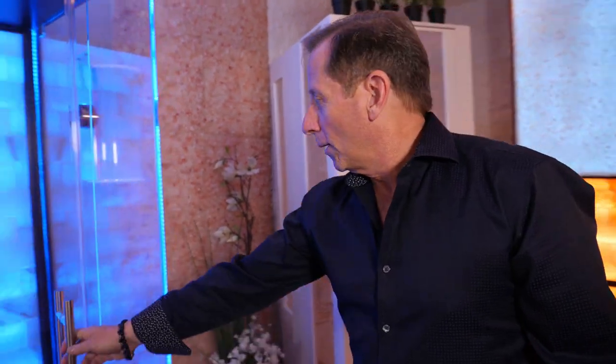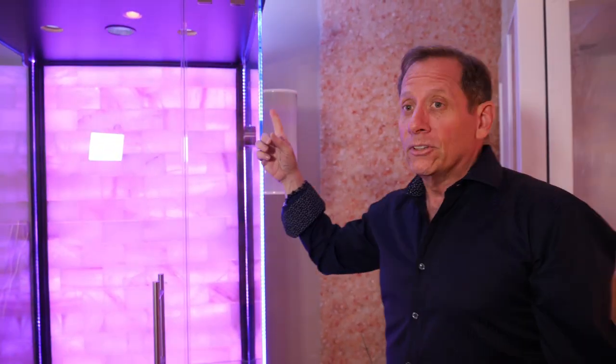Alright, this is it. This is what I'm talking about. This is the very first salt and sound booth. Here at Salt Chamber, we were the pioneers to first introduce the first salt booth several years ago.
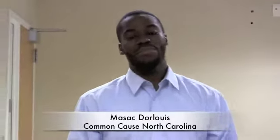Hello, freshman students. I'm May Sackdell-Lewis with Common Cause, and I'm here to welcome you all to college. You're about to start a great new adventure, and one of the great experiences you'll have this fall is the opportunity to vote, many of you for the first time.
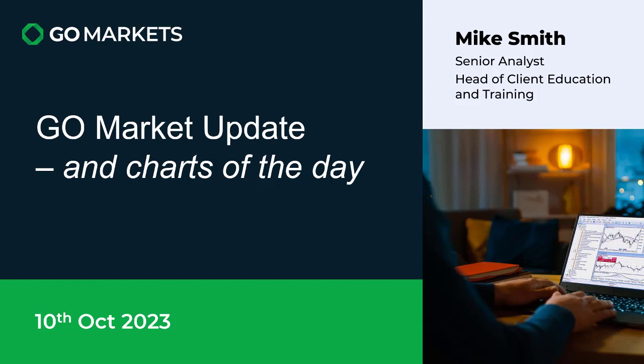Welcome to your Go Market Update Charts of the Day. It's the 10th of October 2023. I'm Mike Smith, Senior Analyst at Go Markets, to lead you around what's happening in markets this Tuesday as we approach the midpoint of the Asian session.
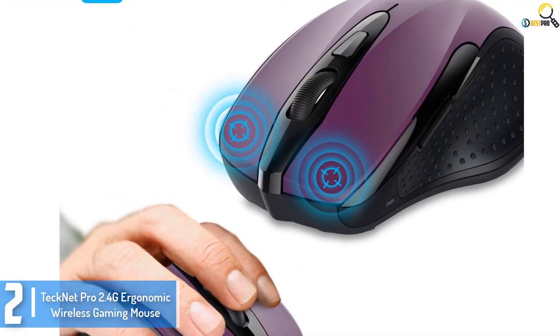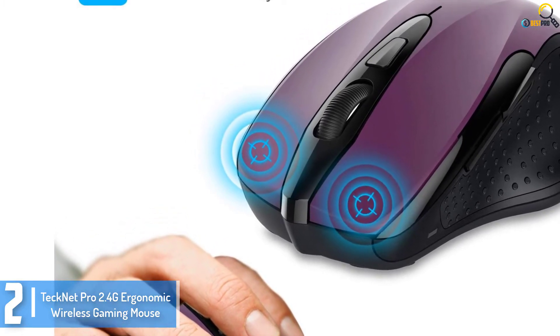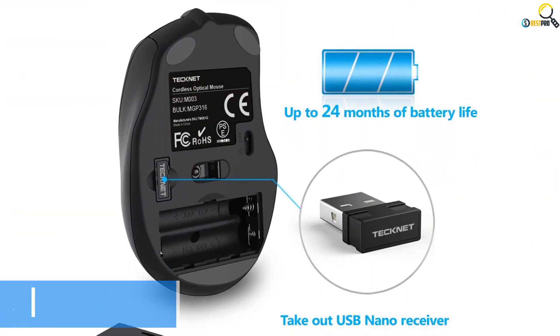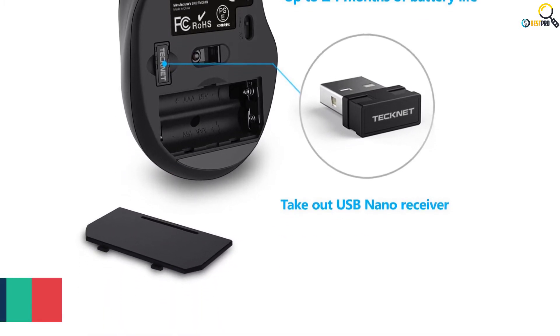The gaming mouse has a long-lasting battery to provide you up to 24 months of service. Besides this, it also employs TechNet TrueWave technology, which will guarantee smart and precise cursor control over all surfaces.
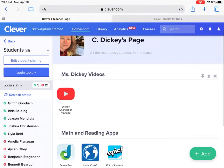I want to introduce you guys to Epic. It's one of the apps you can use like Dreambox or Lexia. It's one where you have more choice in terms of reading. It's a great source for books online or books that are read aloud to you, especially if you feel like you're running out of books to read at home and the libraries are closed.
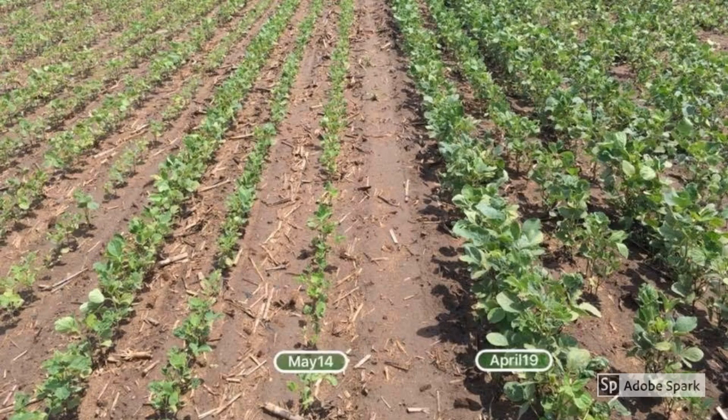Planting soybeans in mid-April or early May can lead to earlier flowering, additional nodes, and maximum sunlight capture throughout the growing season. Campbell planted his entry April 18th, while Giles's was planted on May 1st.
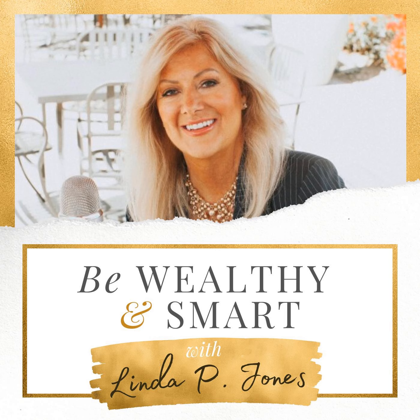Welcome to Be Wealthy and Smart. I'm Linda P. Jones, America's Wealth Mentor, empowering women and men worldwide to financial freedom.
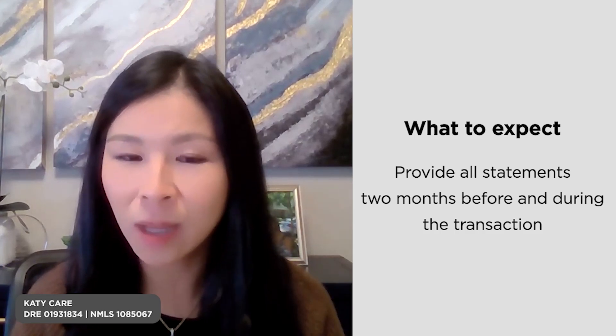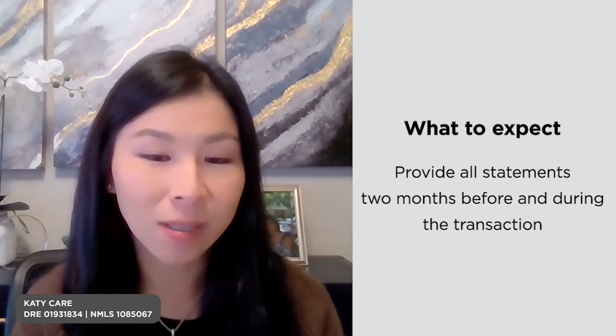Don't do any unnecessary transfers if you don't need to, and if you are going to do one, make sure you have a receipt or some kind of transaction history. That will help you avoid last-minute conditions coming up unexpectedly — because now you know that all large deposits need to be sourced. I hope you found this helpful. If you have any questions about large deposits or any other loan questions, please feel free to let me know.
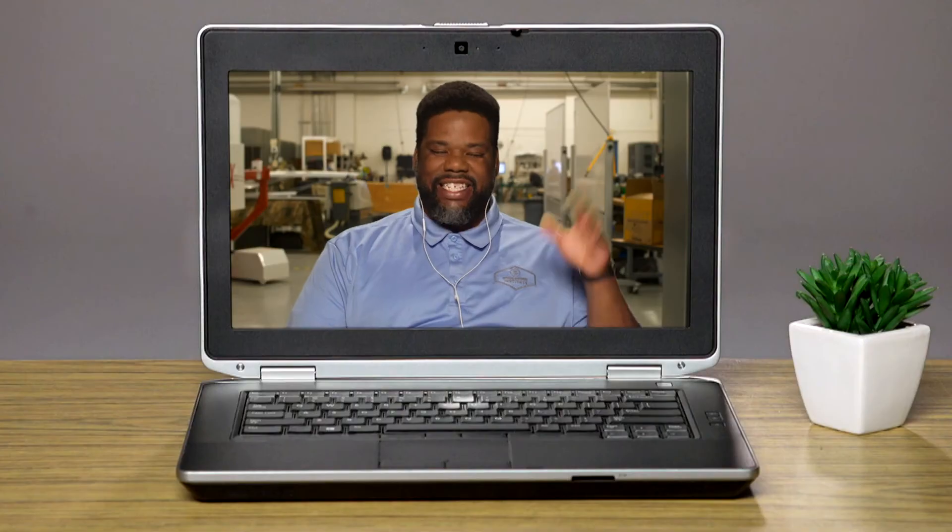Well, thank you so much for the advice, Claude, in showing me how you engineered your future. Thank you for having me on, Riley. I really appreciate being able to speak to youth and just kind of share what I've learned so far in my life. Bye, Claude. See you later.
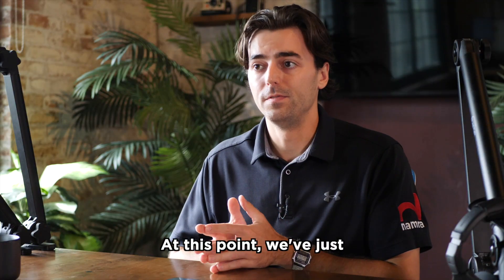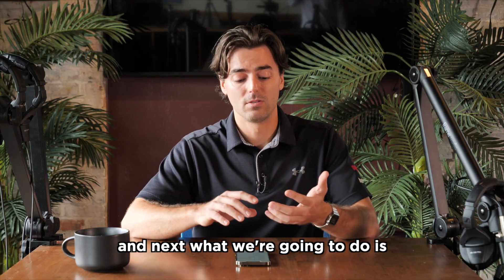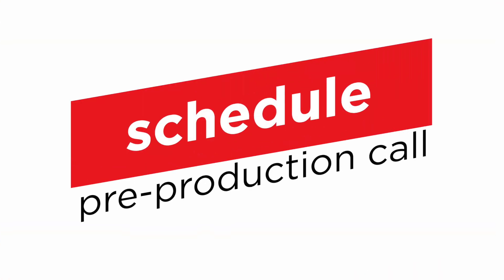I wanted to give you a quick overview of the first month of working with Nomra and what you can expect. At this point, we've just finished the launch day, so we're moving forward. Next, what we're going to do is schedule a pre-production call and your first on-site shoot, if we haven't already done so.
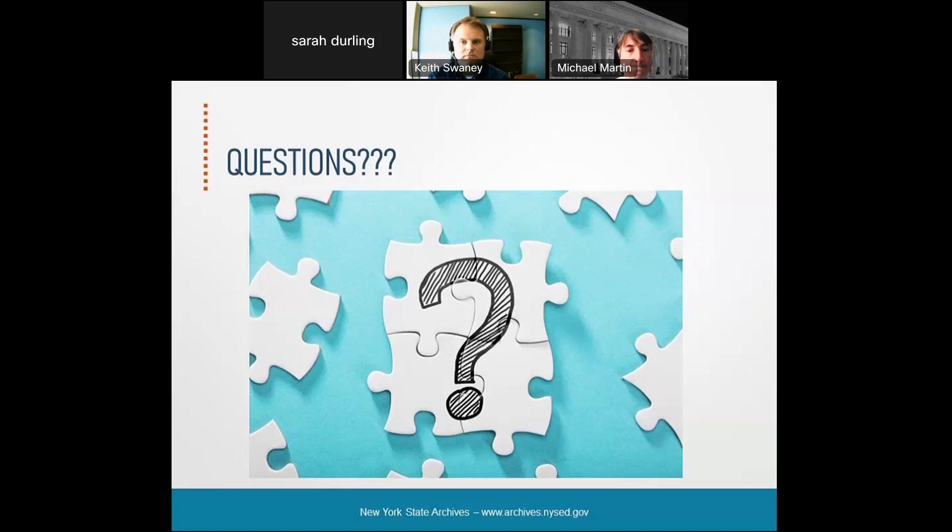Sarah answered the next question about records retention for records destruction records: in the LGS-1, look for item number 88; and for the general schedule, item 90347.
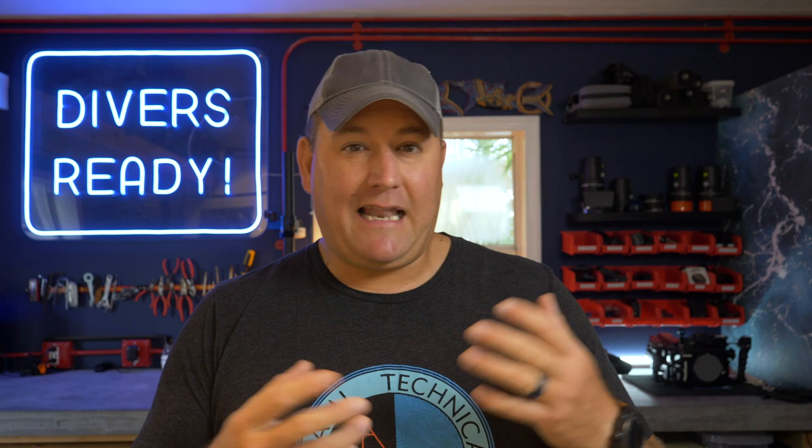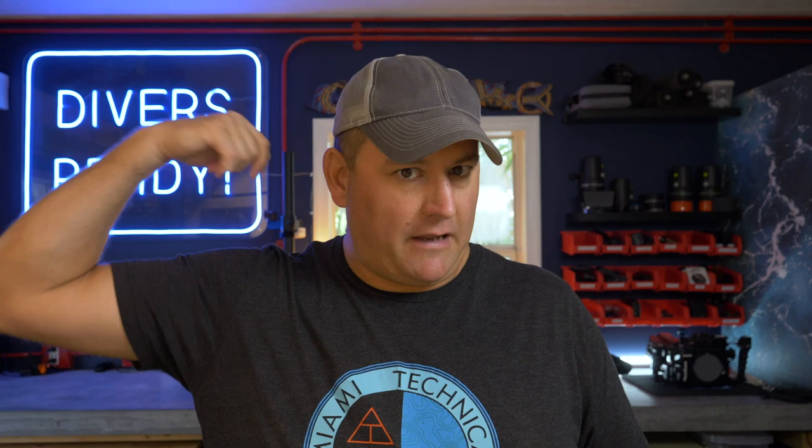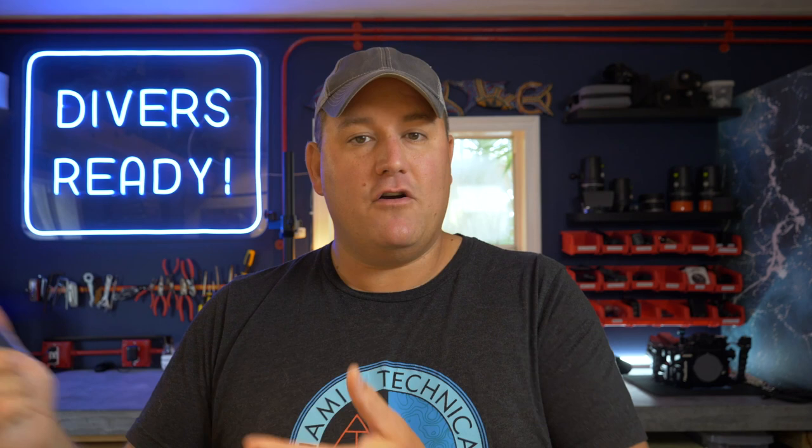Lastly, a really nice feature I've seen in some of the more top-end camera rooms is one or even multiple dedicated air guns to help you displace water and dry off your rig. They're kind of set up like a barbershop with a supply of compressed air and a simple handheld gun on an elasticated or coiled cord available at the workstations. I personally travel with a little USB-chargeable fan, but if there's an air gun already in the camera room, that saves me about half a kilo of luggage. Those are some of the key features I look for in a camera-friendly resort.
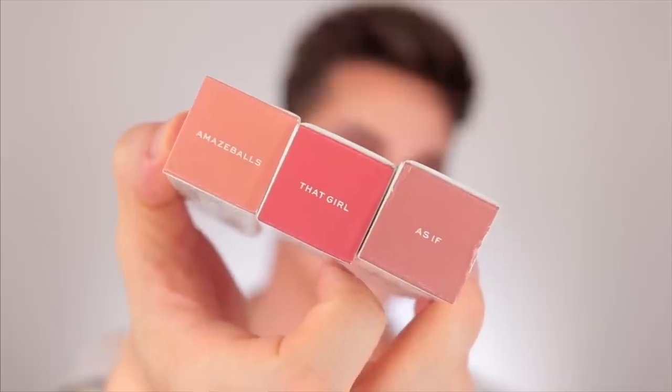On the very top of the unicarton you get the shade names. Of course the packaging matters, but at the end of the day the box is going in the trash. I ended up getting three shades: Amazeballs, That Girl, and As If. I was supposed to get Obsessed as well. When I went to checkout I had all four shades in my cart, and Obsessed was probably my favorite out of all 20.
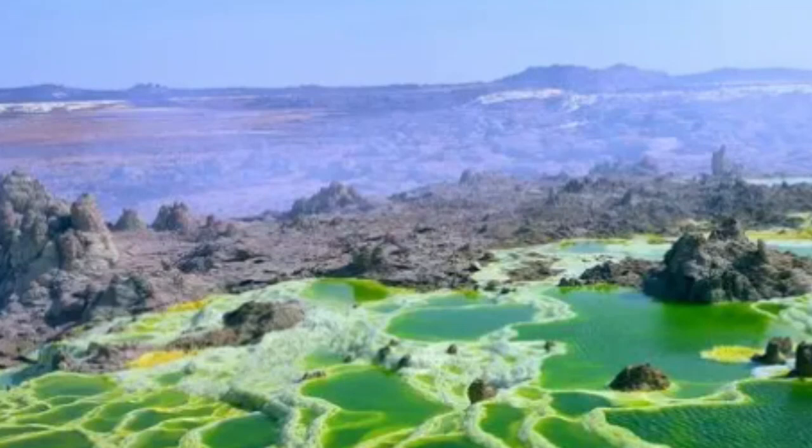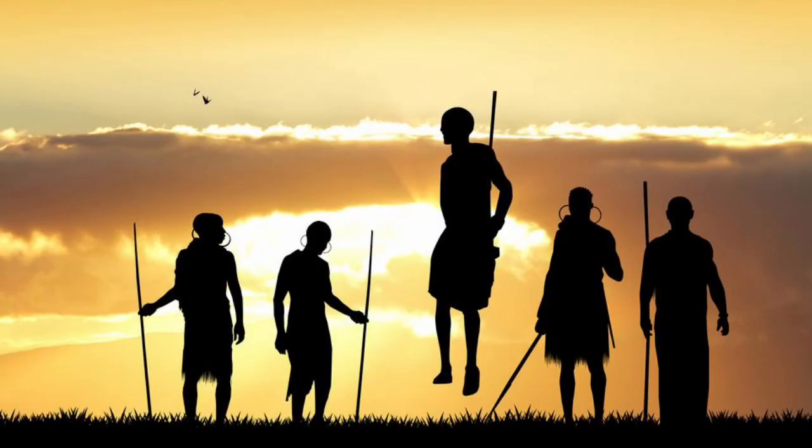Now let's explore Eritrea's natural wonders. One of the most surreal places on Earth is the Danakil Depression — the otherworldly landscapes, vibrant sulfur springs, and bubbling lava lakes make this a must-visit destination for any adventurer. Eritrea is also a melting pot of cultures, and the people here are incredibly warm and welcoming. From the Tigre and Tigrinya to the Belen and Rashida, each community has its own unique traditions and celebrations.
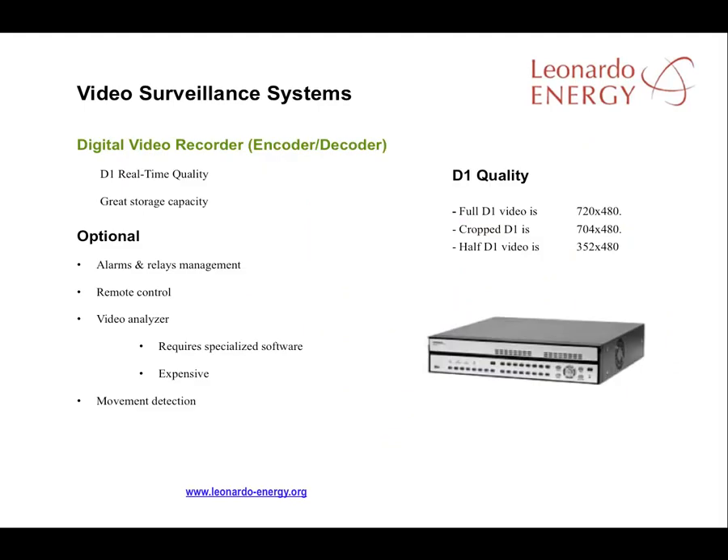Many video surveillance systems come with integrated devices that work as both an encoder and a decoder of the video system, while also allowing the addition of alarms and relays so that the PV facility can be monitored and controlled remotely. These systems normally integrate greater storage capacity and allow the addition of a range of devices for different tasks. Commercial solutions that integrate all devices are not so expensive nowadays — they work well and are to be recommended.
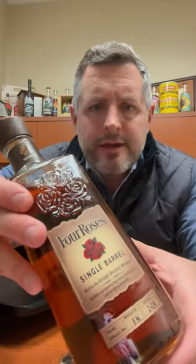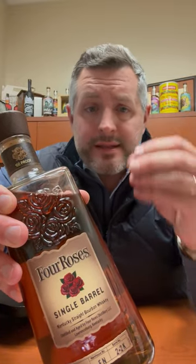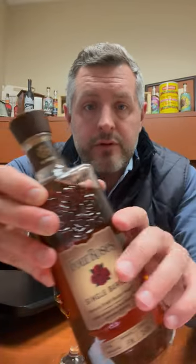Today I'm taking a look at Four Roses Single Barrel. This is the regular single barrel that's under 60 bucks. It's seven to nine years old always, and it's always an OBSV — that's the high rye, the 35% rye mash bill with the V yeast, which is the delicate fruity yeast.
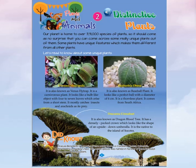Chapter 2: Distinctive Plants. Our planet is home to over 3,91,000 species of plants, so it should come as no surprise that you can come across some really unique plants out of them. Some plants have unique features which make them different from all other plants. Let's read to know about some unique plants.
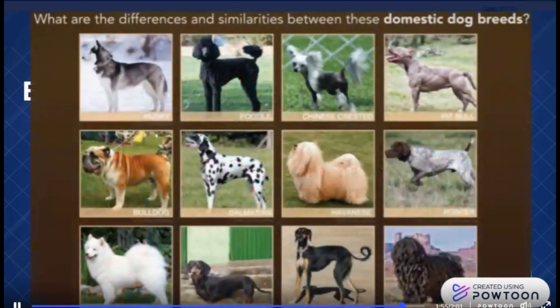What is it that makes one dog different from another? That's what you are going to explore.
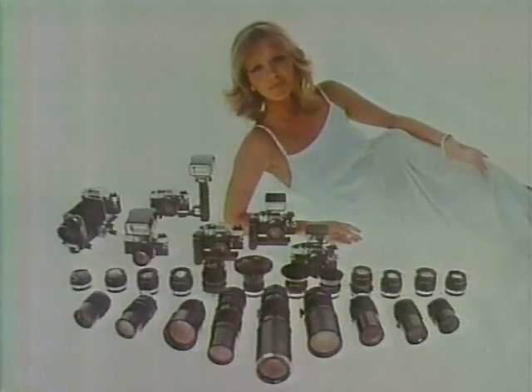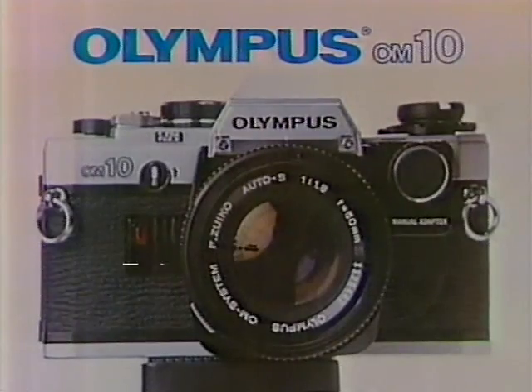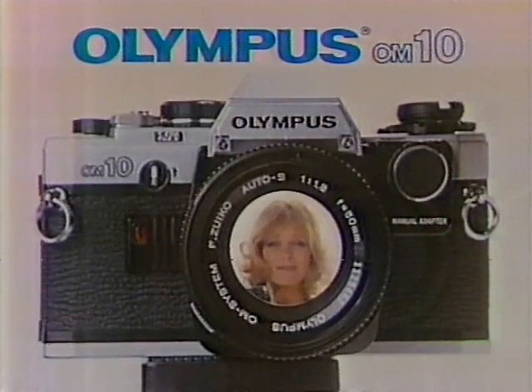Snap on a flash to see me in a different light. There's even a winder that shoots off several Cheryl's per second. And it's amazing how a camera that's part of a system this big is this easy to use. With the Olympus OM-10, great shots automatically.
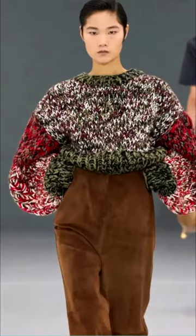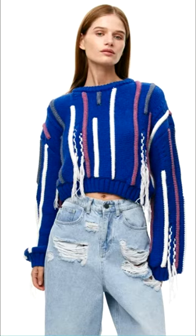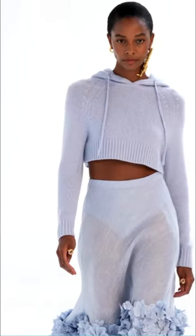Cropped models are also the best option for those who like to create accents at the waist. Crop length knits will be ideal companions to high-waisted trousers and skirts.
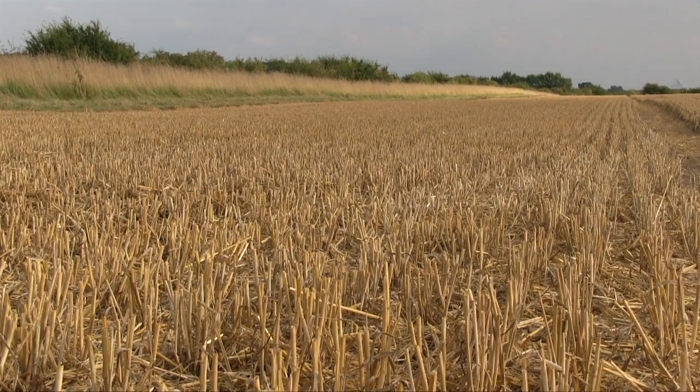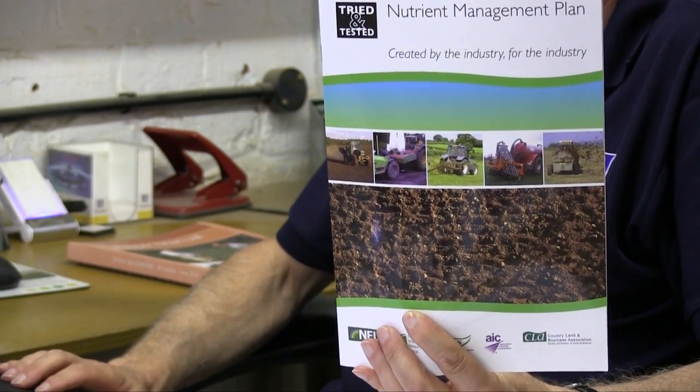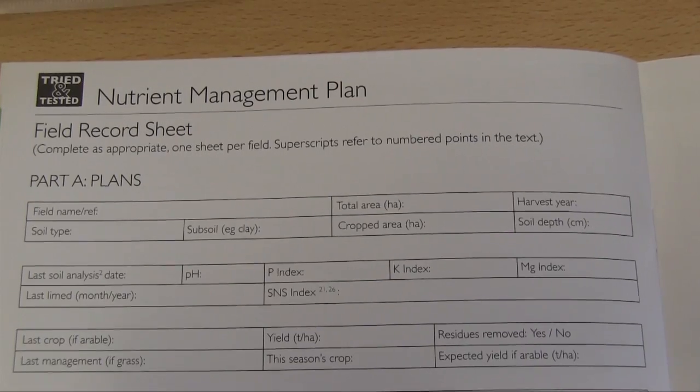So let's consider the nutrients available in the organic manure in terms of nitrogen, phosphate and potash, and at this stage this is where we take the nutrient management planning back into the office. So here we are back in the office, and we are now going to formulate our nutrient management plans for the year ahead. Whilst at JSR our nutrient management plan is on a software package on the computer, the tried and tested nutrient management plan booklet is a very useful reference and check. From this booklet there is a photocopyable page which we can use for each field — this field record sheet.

- _How to complete this task_: Skip the pictures, please, and transcribe only the lines from the beginning of the material through the one that contains "The gaming mouse".

- _Finished exercise_:
Alright, this is it. This is what I'm talking about. This is the very first salt and sound booth. Here at Salt Chamber, we were the pioneers to first introduce the first salt booth several years ago.
Hello, freshman students. I'm May Sackdell-Lewis with Common Cause, and I'm here to welcome you all to college. You're about to start a great new adventure, and one of the great experiences you'll have this fall is the opportunity to vote, many of you for the first time.
Welcome to your Go Market Update Charts of the Day. It's the 10th of October 2023. I'm Mike Smith, Senior Analyst at Go Markets, to lead you around what's happening in markets this Tuesday as we approach the midpoint of the Asian session.
The gaming mouse has a long-lasting battery to provide you up to 24 months of service. Besides this, it also employs TechNet TrueWave technology, which will guarantee smart and precise cursor control over all surfaces.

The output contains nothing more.